The Printer, the Translator, the Scribe, and the Slave Girl: Acculturating the Mukhtar al-Hikam, ca. 1200–ca. 1700

Wednesday, February 18, 2015
4:00 pm PST

Little Theater, Macgowan Hall
245 Charles E. Young Dr., East

Early Modern Cosmopolitanisms Lecture

—A. E. B. Coldiron, Florida State University

cosmosOne of the first books printed in early modern England, The Dictes and Sayings of the Philosophers (1477), was a translation of a French version of the Mukhtar al-Hikam, an Arabic doxography by 11th-century sage Mubasshir ibn-Fâtik. This talk pursues the work’s paths from a 12th-century Arabic manuscript into Spanish, French, Occitan, and English versions (with back-translations into Latin). During key phases of acculturation and remediation, several kinds of authority were challenged and remade in different contexts, with sometimes surprising results. For instance, we’ll see Socrates both turbaned and tonsured; we’ll meet a slave-girl who defeats some misogynist sages; and we’ll hear a printer who tussles with his patron over the authority to translate.

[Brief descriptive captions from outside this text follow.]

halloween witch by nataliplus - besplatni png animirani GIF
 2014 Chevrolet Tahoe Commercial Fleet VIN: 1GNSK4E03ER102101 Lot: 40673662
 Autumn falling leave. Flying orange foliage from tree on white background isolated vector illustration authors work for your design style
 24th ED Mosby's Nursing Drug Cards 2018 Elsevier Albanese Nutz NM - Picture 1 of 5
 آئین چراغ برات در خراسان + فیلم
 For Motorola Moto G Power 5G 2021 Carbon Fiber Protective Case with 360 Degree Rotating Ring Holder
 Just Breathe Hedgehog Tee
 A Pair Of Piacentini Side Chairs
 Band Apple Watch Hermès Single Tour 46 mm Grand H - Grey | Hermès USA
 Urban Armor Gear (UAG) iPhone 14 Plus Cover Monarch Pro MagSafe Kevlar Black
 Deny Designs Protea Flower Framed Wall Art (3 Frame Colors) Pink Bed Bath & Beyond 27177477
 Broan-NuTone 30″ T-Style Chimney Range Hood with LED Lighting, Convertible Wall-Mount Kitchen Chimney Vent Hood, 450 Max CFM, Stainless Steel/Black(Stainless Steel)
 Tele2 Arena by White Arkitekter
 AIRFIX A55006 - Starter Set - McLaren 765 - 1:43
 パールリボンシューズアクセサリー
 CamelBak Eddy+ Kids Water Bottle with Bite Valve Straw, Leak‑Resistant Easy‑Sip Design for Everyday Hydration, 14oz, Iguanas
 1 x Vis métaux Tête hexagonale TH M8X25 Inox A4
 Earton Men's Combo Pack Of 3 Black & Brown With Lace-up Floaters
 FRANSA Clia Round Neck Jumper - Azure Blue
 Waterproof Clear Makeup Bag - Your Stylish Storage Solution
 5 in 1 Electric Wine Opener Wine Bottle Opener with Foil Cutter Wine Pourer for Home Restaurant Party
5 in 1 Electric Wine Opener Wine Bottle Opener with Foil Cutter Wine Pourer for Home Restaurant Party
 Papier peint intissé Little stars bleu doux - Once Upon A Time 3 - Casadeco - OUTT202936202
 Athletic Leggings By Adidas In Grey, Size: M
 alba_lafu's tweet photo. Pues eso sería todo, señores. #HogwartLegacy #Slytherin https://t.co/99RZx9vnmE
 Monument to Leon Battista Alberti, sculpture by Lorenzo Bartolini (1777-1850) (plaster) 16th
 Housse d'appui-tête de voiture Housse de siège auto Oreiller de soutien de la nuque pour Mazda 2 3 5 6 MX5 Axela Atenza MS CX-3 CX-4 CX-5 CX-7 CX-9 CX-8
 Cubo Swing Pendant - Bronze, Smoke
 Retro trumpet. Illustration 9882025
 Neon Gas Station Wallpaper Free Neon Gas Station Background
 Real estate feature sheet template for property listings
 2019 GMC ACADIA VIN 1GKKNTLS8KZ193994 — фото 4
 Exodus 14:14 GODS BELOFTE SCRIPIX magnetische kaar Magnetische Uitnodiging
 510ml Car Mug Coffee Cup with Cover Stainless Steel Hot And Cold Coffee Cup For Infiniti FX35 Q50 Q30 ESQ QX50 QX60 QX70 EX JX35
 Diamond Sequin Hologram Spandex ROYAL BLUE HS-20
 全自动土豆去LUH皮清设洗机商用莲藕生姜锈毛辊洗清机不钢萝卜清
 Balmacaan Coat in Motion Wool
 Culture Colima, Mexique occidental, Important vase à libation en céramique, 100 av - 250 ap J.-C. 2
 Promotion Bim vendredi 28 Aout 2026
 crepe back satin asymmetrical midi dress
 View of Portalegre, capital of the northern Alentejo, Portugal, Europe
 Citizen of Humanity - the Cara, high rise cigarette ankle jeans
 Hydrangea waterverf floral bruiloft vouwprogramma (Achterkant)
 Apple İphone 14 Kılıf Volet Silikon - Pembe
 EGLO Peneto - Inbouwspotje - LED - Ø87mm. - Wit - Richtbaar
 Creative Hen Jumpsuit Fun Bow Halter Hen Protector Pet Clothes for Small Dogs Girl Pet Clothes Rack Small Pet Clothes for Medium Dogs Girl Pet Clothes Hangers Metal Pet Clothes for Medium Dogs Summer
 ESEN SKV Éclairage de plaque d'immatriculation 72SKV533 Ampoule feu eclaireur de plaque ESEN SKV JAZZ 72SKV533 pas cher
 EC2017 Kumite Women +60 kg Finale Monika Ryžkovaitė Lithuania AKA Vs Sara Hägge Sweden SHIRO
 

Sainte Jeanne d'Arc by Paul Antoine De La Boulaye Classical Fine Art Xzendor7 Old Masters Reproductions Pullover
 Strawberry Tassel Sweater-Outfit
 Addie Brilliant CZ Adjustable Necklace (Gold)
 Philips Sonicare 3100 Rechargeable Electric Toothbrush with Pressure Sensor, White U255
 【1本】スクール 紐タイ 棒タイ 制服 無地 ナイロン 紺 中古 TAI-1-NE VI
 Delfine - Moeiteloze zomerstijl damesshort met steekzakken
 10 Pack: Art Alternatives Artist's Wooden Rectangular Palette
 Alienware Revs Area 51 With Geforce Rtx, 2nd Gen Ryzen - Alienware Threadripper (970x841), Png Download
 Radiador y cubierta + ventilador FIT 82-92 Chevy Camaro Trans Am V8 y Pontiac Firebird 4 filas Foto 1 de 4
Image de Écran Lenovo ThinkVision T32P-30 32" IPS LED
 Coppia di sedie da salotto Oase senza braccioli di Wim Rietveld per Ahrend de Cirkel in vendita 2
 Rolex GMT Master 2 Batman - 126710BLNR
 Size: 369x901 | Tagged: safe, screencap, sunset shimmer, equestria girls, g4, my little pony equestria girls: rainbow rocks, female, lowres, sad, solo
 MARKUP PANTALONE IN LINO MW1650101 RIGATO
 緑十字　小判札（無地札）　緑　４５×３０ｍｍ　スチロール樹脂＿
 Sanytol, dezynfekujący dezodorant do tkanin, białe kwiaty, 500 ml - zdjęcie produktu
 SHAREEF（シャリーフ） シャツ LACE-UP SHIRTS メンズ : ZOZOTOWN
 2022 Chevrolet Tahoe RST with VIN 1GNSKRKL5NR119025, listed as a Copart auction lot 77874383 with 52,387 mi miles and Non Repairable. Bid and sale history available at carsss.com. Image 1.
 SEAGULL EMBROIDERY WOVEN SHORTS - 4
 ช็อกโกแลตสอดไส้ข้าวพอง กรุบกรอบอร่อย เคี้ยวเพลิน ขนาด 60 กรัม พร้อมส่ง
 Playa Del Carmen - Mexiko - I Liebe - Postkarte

cosmos14-2Anne Coldiron is currently Director of the Folger Shakespeare Library’s “Year-Long Colloquium on Early Modern Translation” and is Professor of English, affiliated faculty in French, and Director of the History of Text Technologies Program at Florida State University. Her Printers without Borders: Translation and Textuality in the Renaissance (Cambridge UP, forthcoming) follows a book on gender and early modern poetic translation (2009) and revises some of the transnational challenges in her Canon, Period, and the Poetry of Charles of Orleans: Found in Translation (2000). Her articles on Shakespeare, Spenser, Sidney, Donne, Milton, Chaucer, as well as Villon, Du Bellay, and Verlaine, appear in, for example, Renaissance Studies, Comparative Literature, Yale Journal of Criticism, JEGP, Criticism, and Translation Studies. She is currently editing The Tudor Translations of Christine de Pizan for the MHRA (UK).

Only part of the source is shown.